More problematic than the boos when the Flyers stumbled from the gate in 1967-68 was the growing rift between the two black players — Rudy Waterman and Glinder Torain — and the rest of the team.

Near the end of the season, Donoher said, Phil Donohue moderated a forum on campus and Waterman stood up and “vented” on his teammates.

“From that time on — except at the end of the championship game – I didn’t play him anymore,” said Donoher, who called Waterman “a sweet kid” and years later made peace with him. “But I kind of followed Blackburn’s style and didn’t bring players in for discussions and hold their hands.”

The team, though, finished off the season with 14 straight wins, toppling a Kansas team led by the Jo Jo White for the NIT title.

The New Yorker magazine detailed the saga, noting the heroics of tournament MVP Donnie May, the grit of Bobby Joe Hooper, who scored 16 points in the championship game while playing with a broken hand and, the rift with Waterman and Torain:

“There seemed to be two separate teams on the bench — one white and one black — with a small, but always perceptible gap between them.”

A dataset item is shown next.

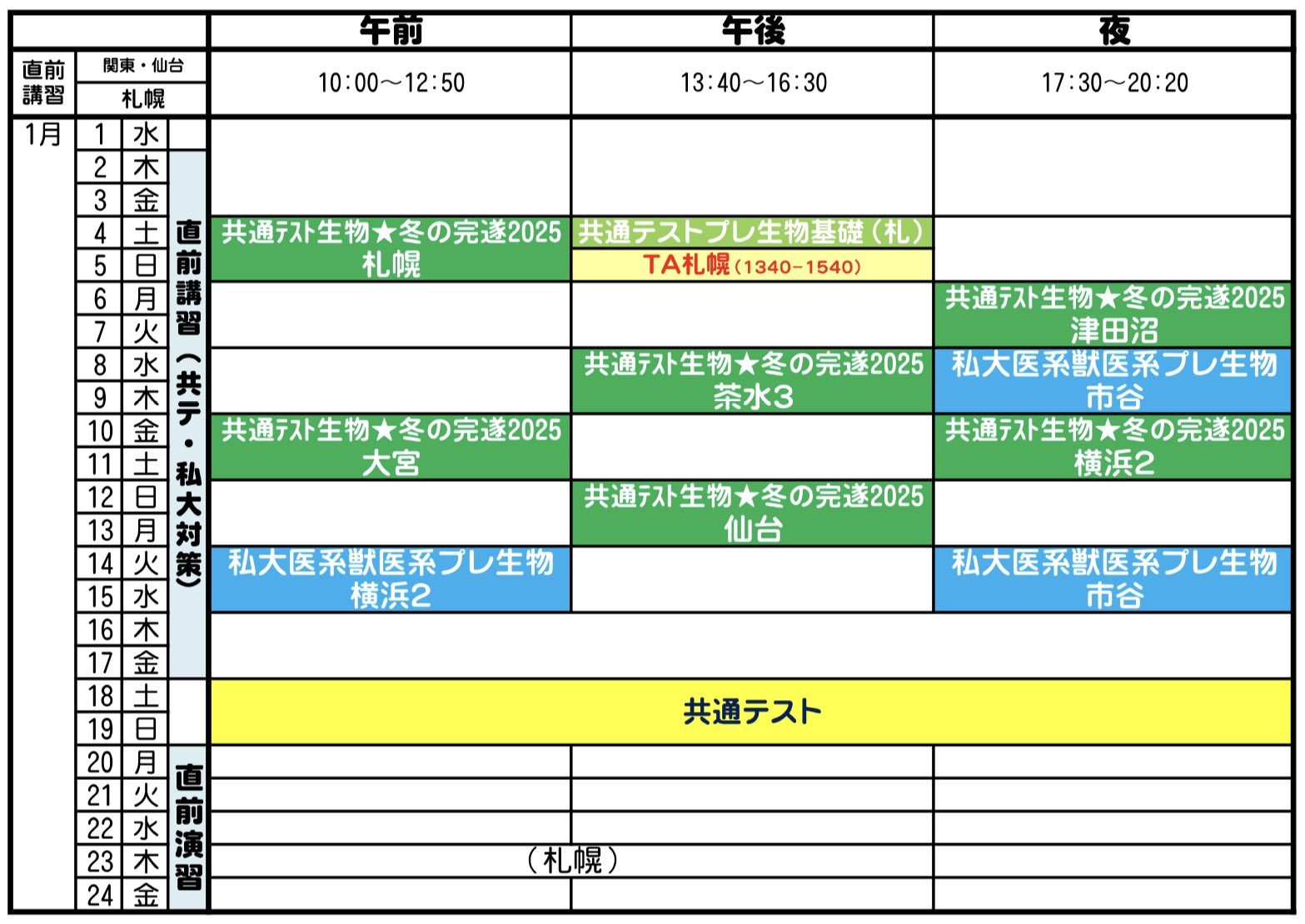 Amazon.co.jp: 駿台 朝霞先生 21→22 生物分野別攻略講座 記述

The magazine also captured the postgame scene:

“Hundreds of Dayton fans, ignoring the warning of the public address announcer, swarmed out of the stands onto the court.

“Coach Donoher stood, dazed in the center of the crush, his eyes filled with tears. Sonia Donoher, his wife, and Bobby Joe Hooper’s mother wept in each other’s arms. Donnie May, Hooper and Dan Obrovac were lifted high in the air on a mass of shoulders and carried around the arena...”

When the team returned to Dayton past midnight, 3,000 fans were waiting at the Fieldhouse.

Rekindling tradition

This season’s team — which also started out with high hopes because of the glorious year before — fell short of expectations and eventually heard some boos as well.

But while they missed the NCAA Tournament, the players have embraced the NIT and in three tournament games have played their best basketball of the season.

“I was at the Illinois State game and they were just the superior team,” Donoher said. “And to go down there and beat Cincinnati, that took some hickory. Missed free throws hurt then again at Illinois, but the kids hung on.”

He said coach Brian Gregory’s teams “play with relentless pressure and that’s hard to play against. Every night they give you everything they got. Anytime you do that, you’ve got a shot.

“There are so many similarities between this team and the ‘68 team and I think it would be great to have these guys remembered alongside the 1962 and 1968 teams. And with the tradition here, that would be special. The NIT has always been a good tournament for us.”

Always?

Donoher thought a second, then smiled and shrugged: “My only bad memory was in my senior year. In the quarterfinal game against Niagara, I went to the line late. We needed two and I gagged both free throws.

“Yep, I showed my colors there.”

But those who know the history here know that’s just not true.

When it comes to the NIT, Don Donoher’s only colors are Flyer red and blue — and, of course, golden from the reflection off that championship trophy.